Une forêt très vulnérable
Aujourd'hui en effet, les chercheurs sont au chevet de la forêt de Compiègne. Montée des températures, baisse des précipitations : 40% de la forêt sont jugés très vulnérables au dérèglement climatique. Cela concerne les parcelles situées sur des sols sableux qui ne retiennent pas l'eau. Celles aussi où les arbres sont vieux, donc plus fragiles. Ces mauvaises conditions empêchent par ailleurs la bonne régénération : durant les vingt dernières années, 40% des semis naturels et 50% des plantations sont morts, faute d'eau.

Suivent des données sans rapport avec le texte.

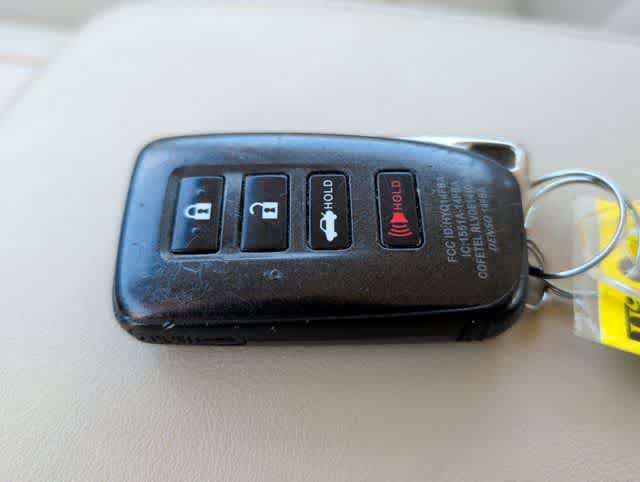 Thumbnail: 2016 Lexus ES - 33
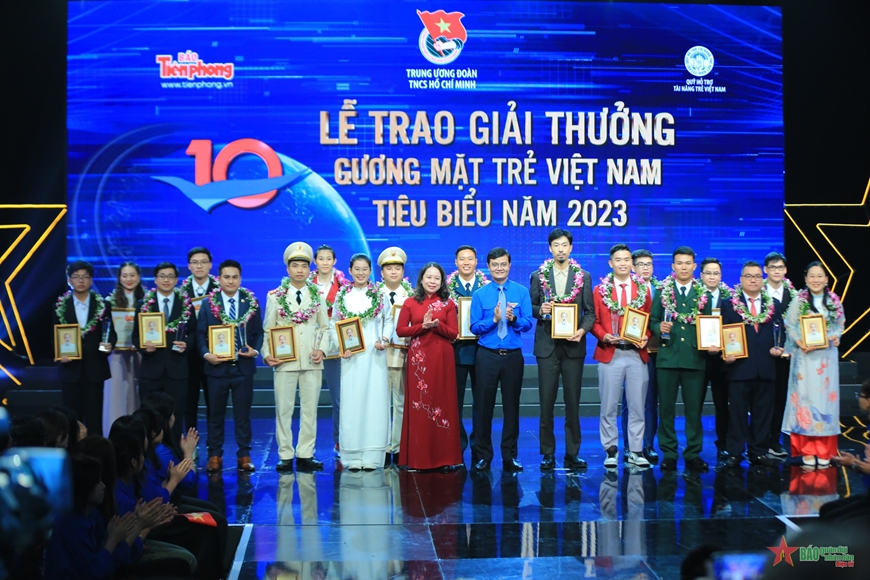 Quyền Chủ tịch nước Võ Thị Ánh Xuân dự Lễ trao Giải thưởng Gương mặt trẻ Việt Nam tiêu biểu năm 2023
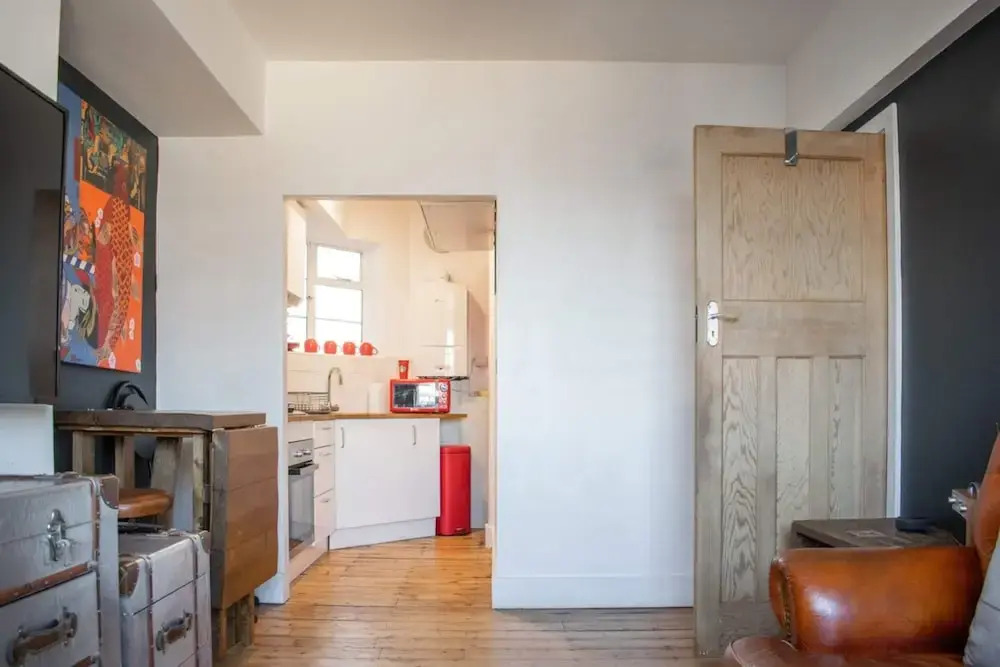 Beautifully Decorated Contemporary 2 Bedroom Flat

A cela s'ajoutent les grands animaux (cerfs, chevreuils) qui mangent les jeunes pousses. Dans ce contexte difficile, la chasse est une nécessité pour permettre le renouvellement de la forêt. Les forestiers sont également confrontés à la prolifération des hannetons. Leurs larves dévorent les racines et les adultes consomment les feuilles.
Pour combattre ces maux, la forêt devient un territoire d'expérimentation. La diversité des essences et des modes de gestion est le maître-mot pour réussir une forêt plus résiliente : la forêt-mosaïque. "Nous ne pouvons pas compter seulement sur l'adaptation génétique des plantes car elle prend du temps, explique Julien Lefevre. Alors nous avons planté durant l'hiver 2021 une dizaine d'espèces plus méridionales."
Les forestiers se sont aussi découvert un allié inattendu avec le cerisier tardif, espèce invasive longtemps combattue. "Il semble que finalement, il procure une ombre favorable à la pousse de certaines essences. Nous faisons des tests avec notre département Recherche développement et innovation."
Il arrive aussi que certains sites soient reconvertis en raison de leur intérêt écologique. Ainsi le long de l'Oise, une parcelle d'épicéas ravagée par les scolytes (insectes) a été restaurée en prairie humide avec des fonds du conseil départemental de l’Oise et du Plan France relance Biodiversité. Un paradis pour les orchidées et de nombreux insectes.
En pratique
- Public
La forêt de Compiègne est accessible à tous les publics. Elle dispose d'une centaine de kilomètres de sentiers balisés (GR©, GR© de pays, circuits divers sur la carte IGN 2511 OT). Sept pistes cyclables la traversent, du nord au sud et de l'ouest à l'est. Une partie de la forêt est également accessible aux cavaliers.
- Accès
Depuis Compiègne et les différents villages situés dans la forêt.
- Services
L'Office du tourisme de Compiègne propose des sorties et activités en forêt, dont le fameux brame du cerf en septembre-octobre.
Le Pôle équestre du Compiégnois propose des balades à cheval à travers la forêt.
En face de l'Etang Saint-Pierre, le Grimp'à l'arb propose 12 parcours d'accrobranche.
- Le saviez-vous ?
A Compiègne, les panneaux directionnels posés aux carrefours sont aussi ornés d'un point rouge : depuis Napoléon III, ils indiquent la direction du château.